Pictures with short captions
=== Section Start ===
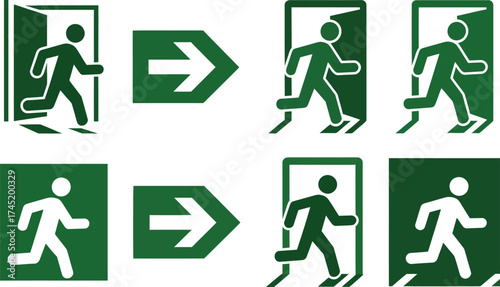 Set of green and white running man exit signs and directional arrows for safety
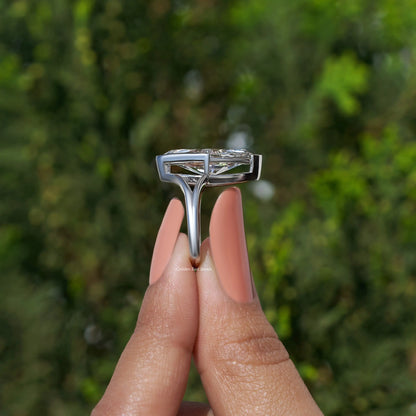 Marquise diamond ring top view showing prong-set marquise stone and split band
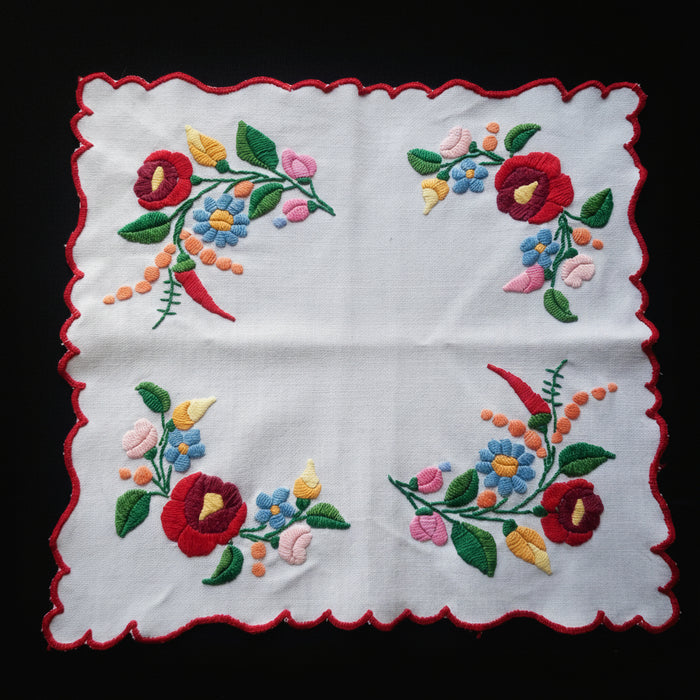 Embroidered floral kalocsa hungarian design on a white fabric with red scalloped edges against a dark background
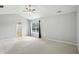 Spacious primary bedroom with neutral walls, large window and ceiling fan at 13355 Freenza Ct, Carmel, IN 46074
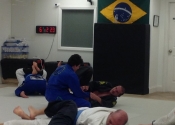 Holding on to dear life. Fighting the black belts is no easy feat. We are like minnows to these sharks. When you think you have the upper hand, you get tapped out from nowhere. They set the trap and you foolishly walk right into it. A humbling lesson. Palm Beach Gardens BJJ , Florida. Dec. 2018.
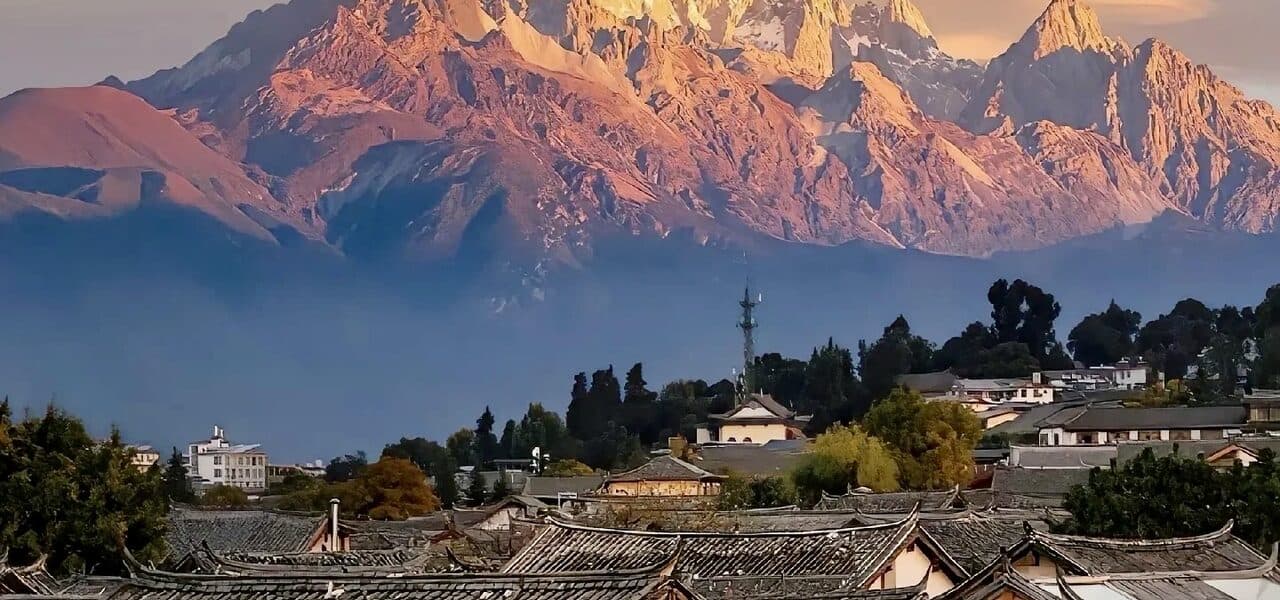Dusk over ranks of tiled rooftops and trees, with a distant snow-mountain ridge in warm light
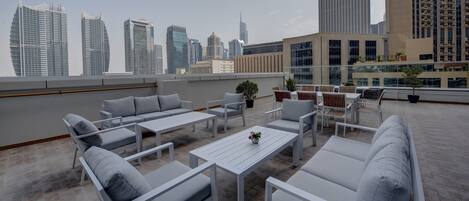 Una terraza en la azotea con mobiliario blanco, una planta en maceta y vistas del horizonte urbano.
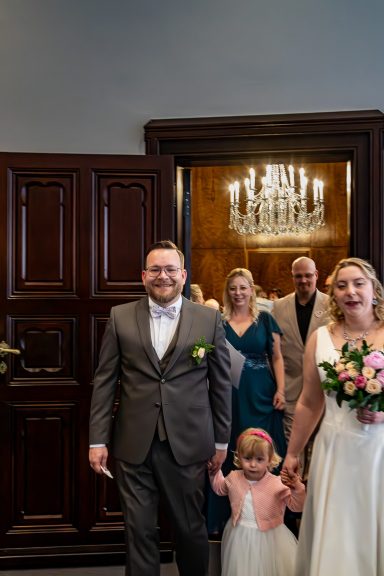 Brautpaar mit Blumen, Kind und Gästen in eleganter Hochzeitsatmosphäre.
=== Section End ===
WHAT IS BEING ASKED
Output each record exactly as it appears, but not the pictures.

ANSWER SPACE
 Set of green and white running man exit signs and directional arrows for safety
 Marquise diamond ring top view showing prong-set marquise stone and split band
 Embroidered floral kalocsa hungarian design on a white fabric with red scalloped edges against a dark background
 Spacious primary bedroom with neutral walls, large window and ceiling fan at 13355 Freenza Ct, Carmel, IN 46074
 Holding on to dear life. Fighting the black belts is no easy feat. We are like minnows to these sharks. When you think you have the upper hand, you get tapped out from nowhere. They set the trap and you foolishly walk right into it. A humbling lesson. Palm Beach Gardens BJJ , Florida. Dec. 2018.
Dusk over ranks of tiled rooftops and trees, with a distant snow-mountain ridge in warm light
 Una terraza en la azotea con mobiliario blanco, una planta en maceta y vistas del horizonte urbano.
 Brautpaar mit Blumen, Kind und Gästen in eleganter Hochzeitsatmosphäre.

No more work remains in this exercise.